The first two sets of commented lines will open up the snmpd to other probes beyond the system subset. The last set of commented lines, flagged by the word CHECKSIG, are the exec commands. Note that the complete OID for the single line of output you need for each signal strength and signal quality are specified here and that they begin with a period.
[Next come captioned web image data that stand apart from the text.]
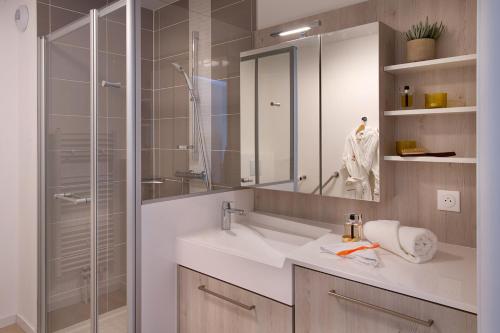 a bathroom with a sink and a glass shower at DOMITYS - Olympe in Marcq-en-Baroeul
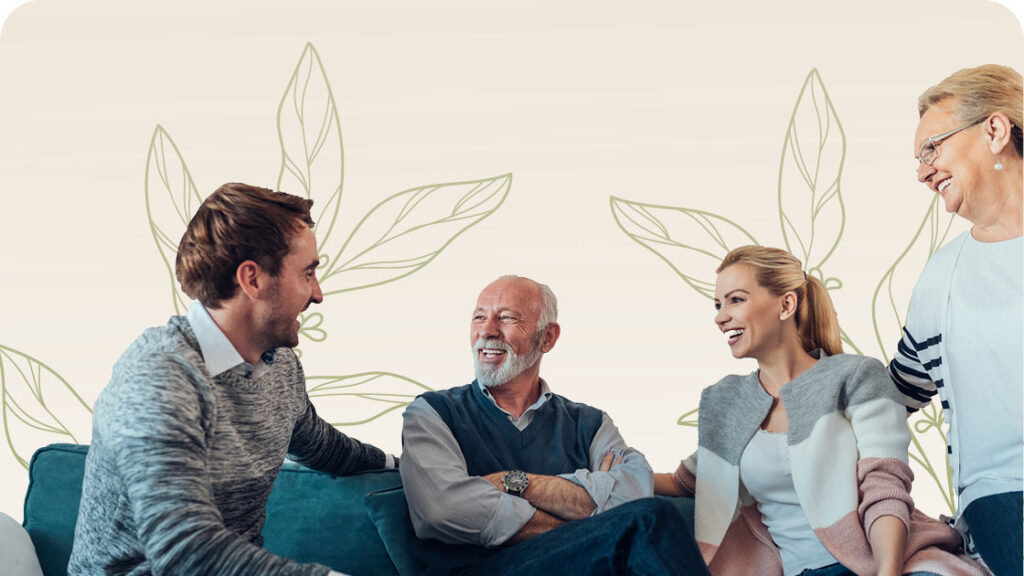 Four people are sitting on a couch, smiling and interacting. The group includes a younger man and woman, an older man with a beard, and an older woman wearing glasses. The background features a decorative leaf pattern.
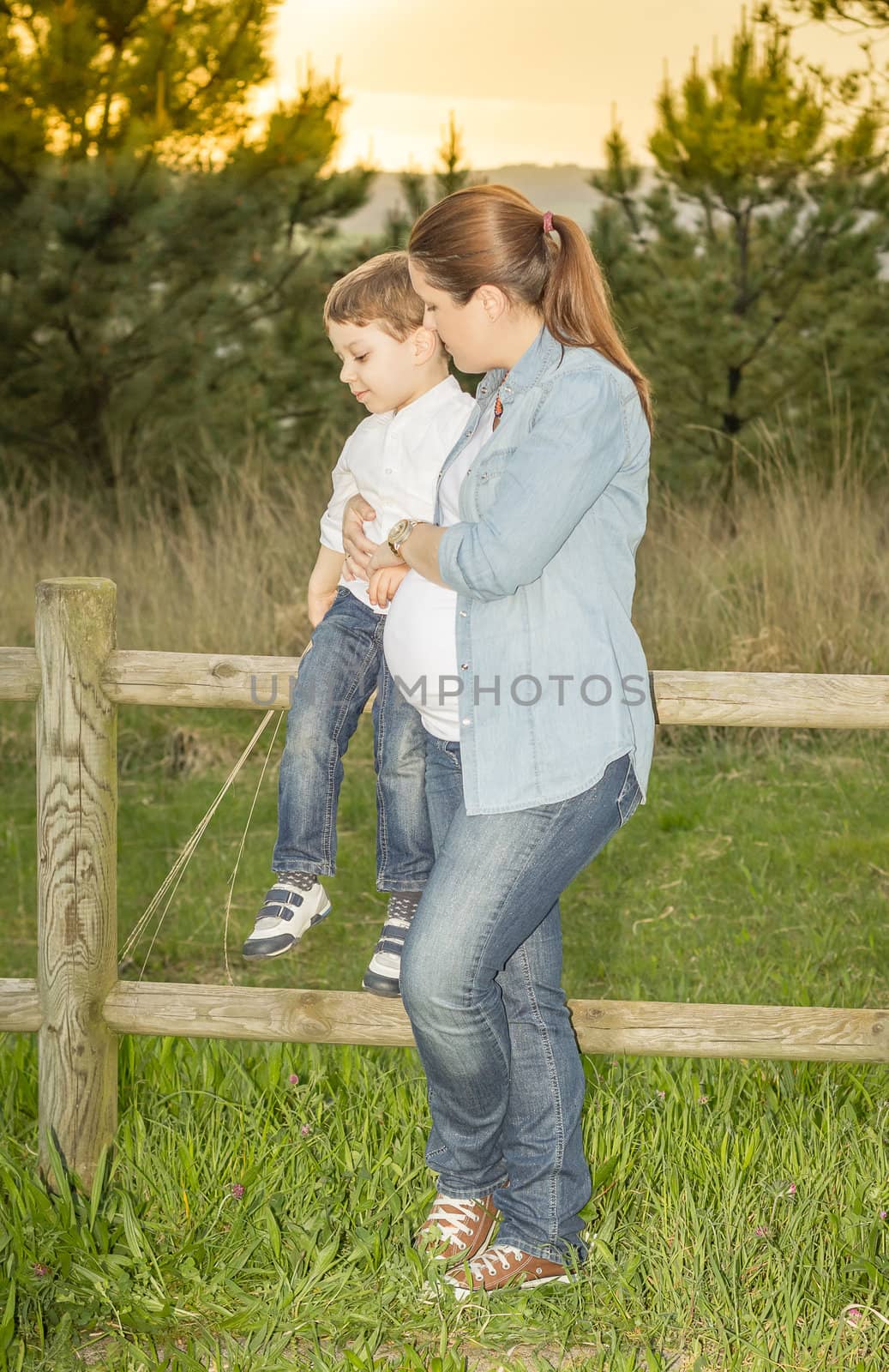 Pregnant mother sitting her son on a wooden fence in a field by doble.d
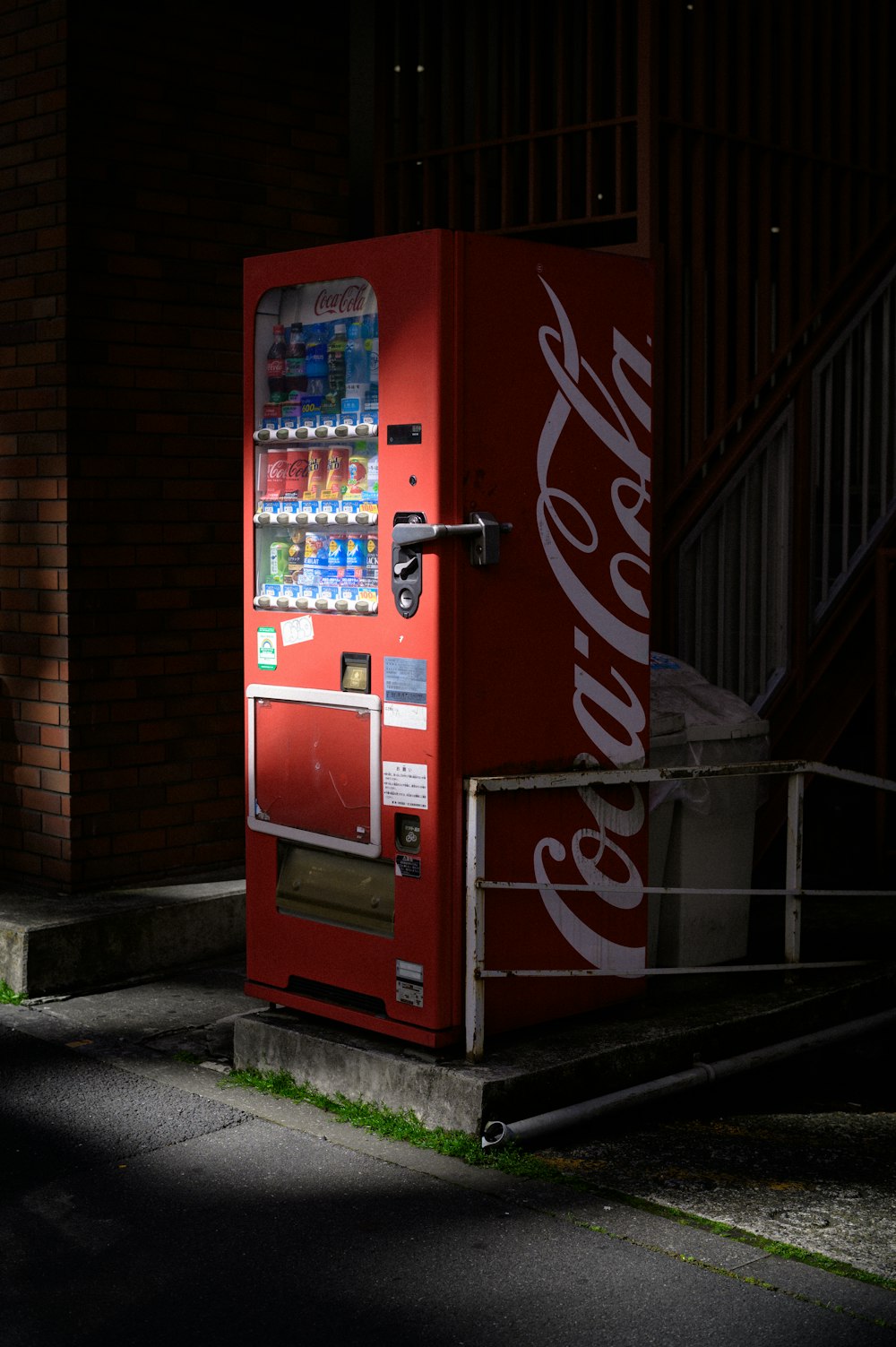 Una máquina de coca - cola sentada al costado de una calle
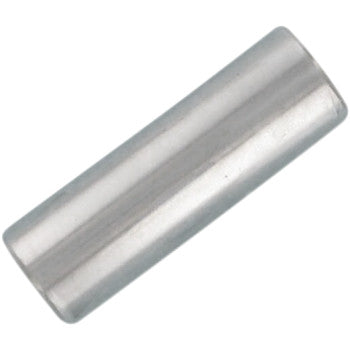 A close-up of the Wiseco Wrist Pin, a cylindrical metal pin with smooth, shiny surfaces and rounded edges, shown on a white background. Engineered for high-tech manufacturing, it delivers enhanced strength for industrial use.
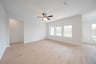 open great room with wood floors and ceiling fan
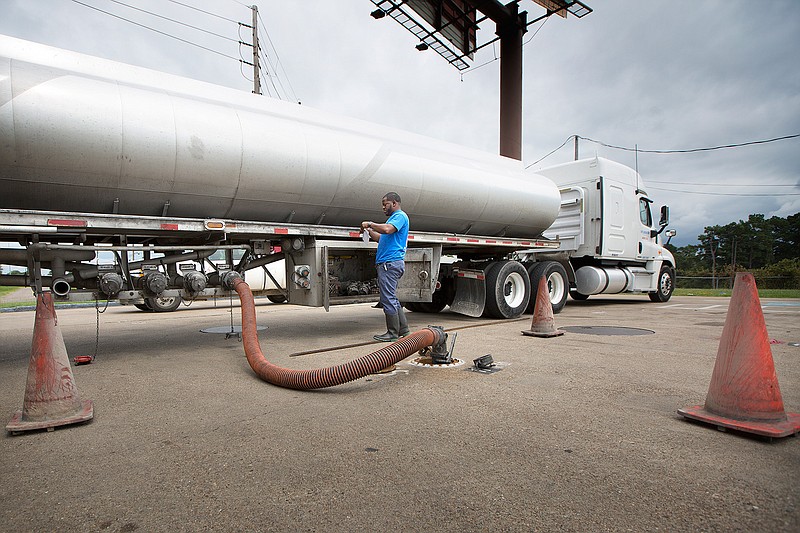 David Cook, with Central Arkansas Petroleum Transport, delivers a half tanker load of fuel Thursday afternoon to the E-Z Mart at Interstate 30 and State Line Avenue. The Texas Railroad Commission tweeted, "There is no fuel shortage." Officials from Quick Trip, RaceTrac, Truman Arnold Cos. and E-Z Mart repeated the message: Fuel is available and refinery capacity is already coming back online after Hurricane Harvey caused a 25 percent shutdown.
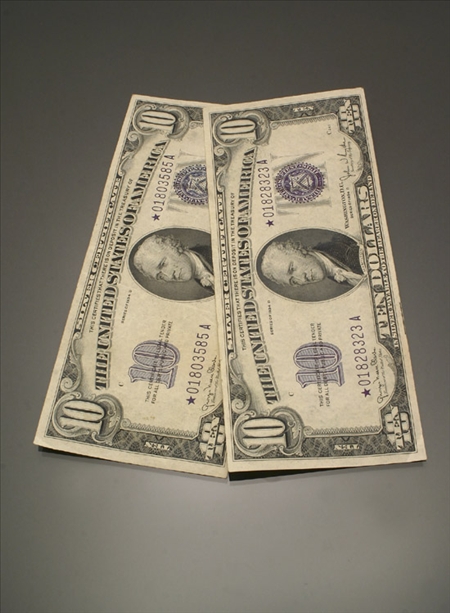 Appraisal: Two Ten-Dollar U S Silver Certificates Dated D Wide Star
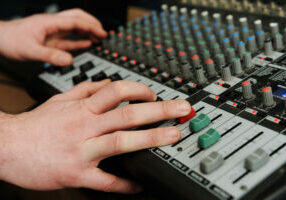 Closeup audio mixer with buttons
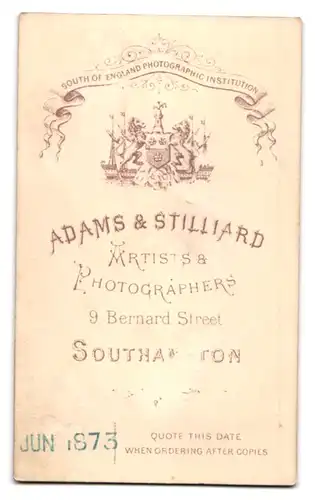 Fotografie Adams & Stilliard, Southampton, hübsche junge Engländerin im Biedermeierkleid stehend am Sekretär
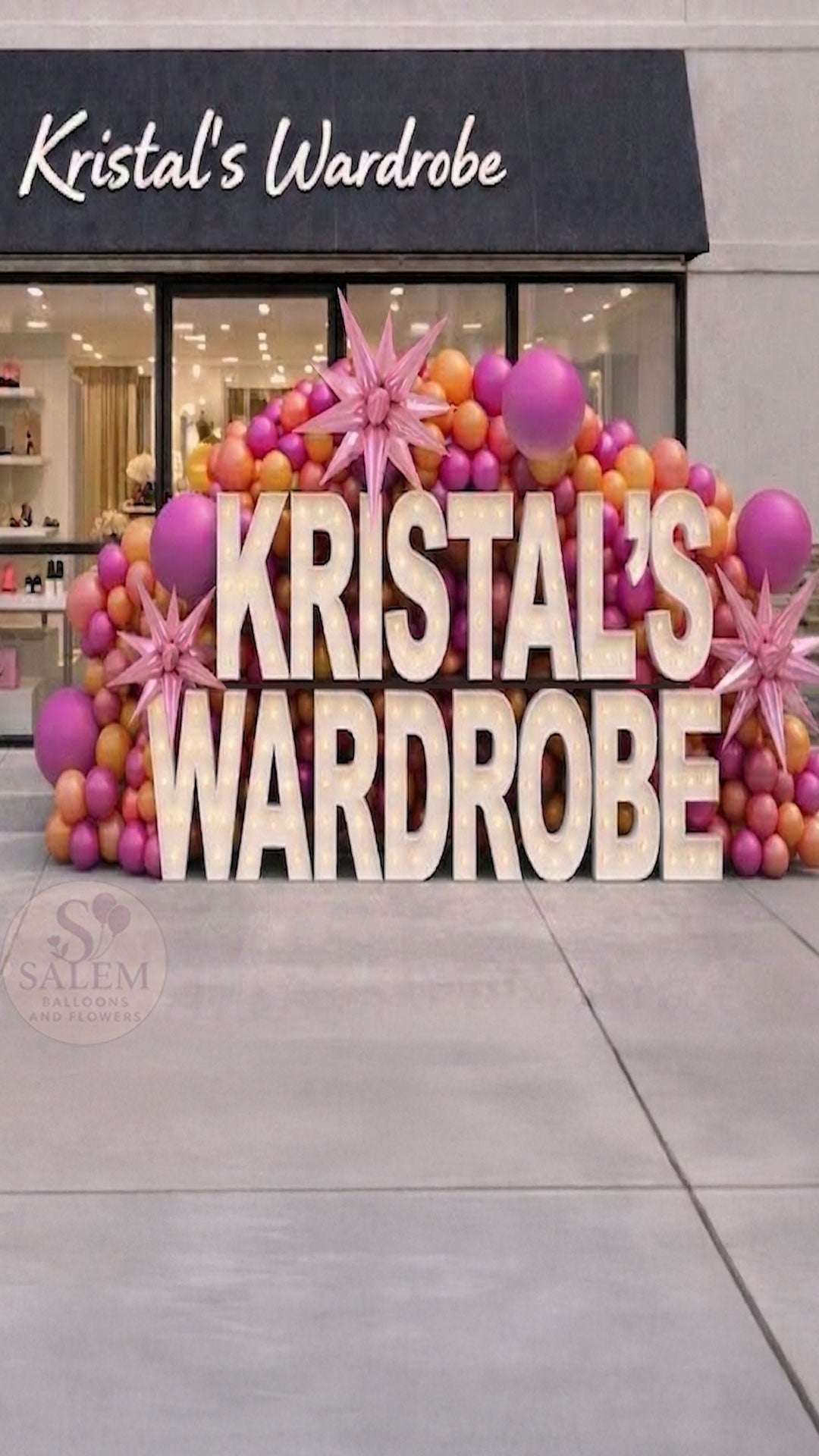 Storefront of Kristal's Wardrobe with decorative X-large Marquee letter display with balloons spelling Kristal's Wardrobe. Business storefront displays. Oregon.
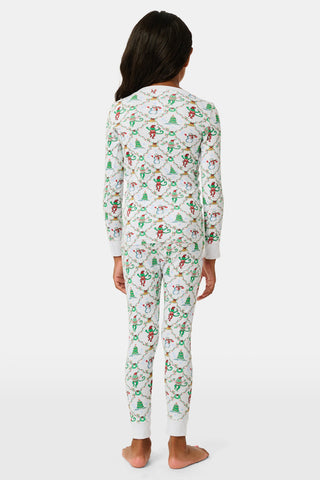 A child wearing SERFLEX Kids Deck The Halls Pajamas, featuring a repeating holiday pattern of snowmen, Christmas trees, and elves connected by garland on long-sleeved Pima cotton.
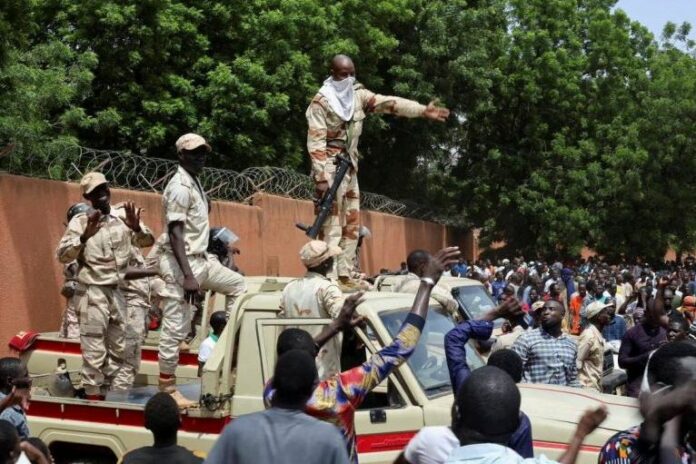 Nigerien security forces prepare to disperse pro-coup demonstrators gathered outside the French embassy, in Niamey, the capital city of Niger July 30, 2023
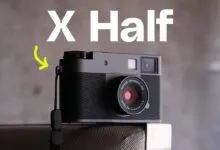 Fujifilm X Half camera with strap, gray body, and Fujinon lens.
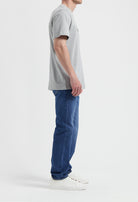 Sustainable MUD Jeans featuring beige denim, crafted ethically, paired with a casual gray t-shirt and sneakers.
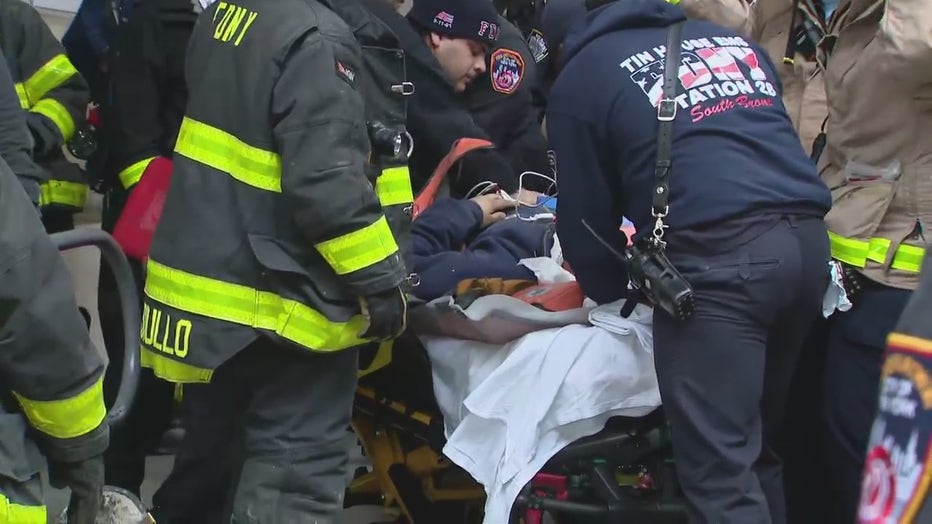 A victim was placed on a stretcher after being pulled from a Bronx elevator shaft.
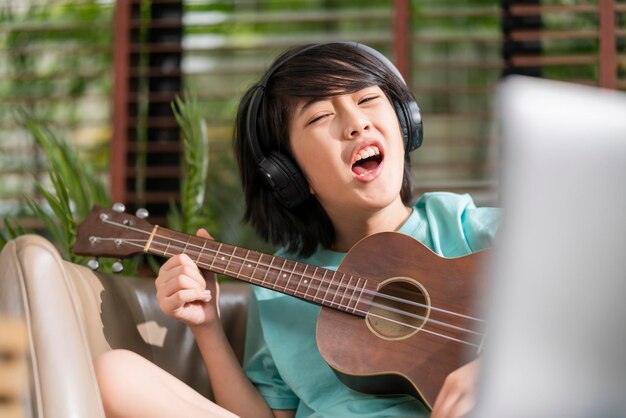 Niño asiático canta mientras aprende un curso de estudio de ukelele en línea con diversión y salida en casa. Estudio en línea concepto de quedarse en casa. Niño asiático tocando ukelele y cantando en la sala de estar en casa.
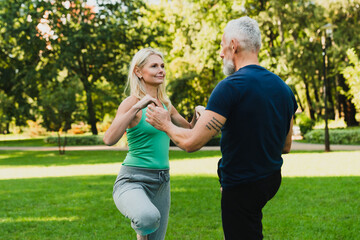 Mature fitness trainer coach instructor standing in balance helping woman practicing yoga, meditating and relaxing in park. Husband going in for sport with his wife.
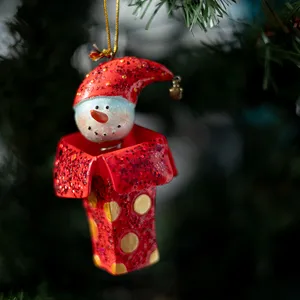 Snowman head with red sock cap on a spring. Jack in the box Christmas Tree Ornament.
You must of course have these scripts on your system. (sorry for the grep… but I’m not that great at regular expressions). So, copy checksig1 and checksig2 to /root or wherever you would like to keep it. Make sure the permissions are set to 755.

#!/bin/sh
#
# checksig1 outputs signal strength
# OID .1.3.6.1.4.1.2021.52.101.1
cat /proc/aironet/eth0/Status | grep Signal | sed -e '2d' -e 's/[^0-9]*: //'
exit
#!/bin/sh
#
# checksig2 outputs signal quality
# OID .1.3.6.1.4.1.2021.52.101.1
cat /proc/aironet/eth0/Status | grep Signal | sed -e '1d' -e 's/[^0-9]*: //'
exit

Now, on the system that is running mrtg, you simply add the following to your mrtg.cfg file:

Target[fwsig]: .1.3.6.1.4.1.2021.51.101.1&.1.3.6.1.4.1.2021.52.101.1:public@firewall
MaxBytes[fwsig]: 80
Options[fwsig]: gauge, nopercent, growright
Title[fwsig]: Radio Signal Strength and Quality
ageTop[fwsig]: <H1>Radio Signal Strength and Quality</H1>
YLegend[fwsig]: strength/signal

(since mrtg wants to probe for two numbers, using two separate OIDs and exec works quite nicely here)

Restart mrtg on your server and check at the results in the file fwsig.html.

Hopefully you can now see how to log other things remotely using the combination of snmpd with exec, and mrtg. Good luck!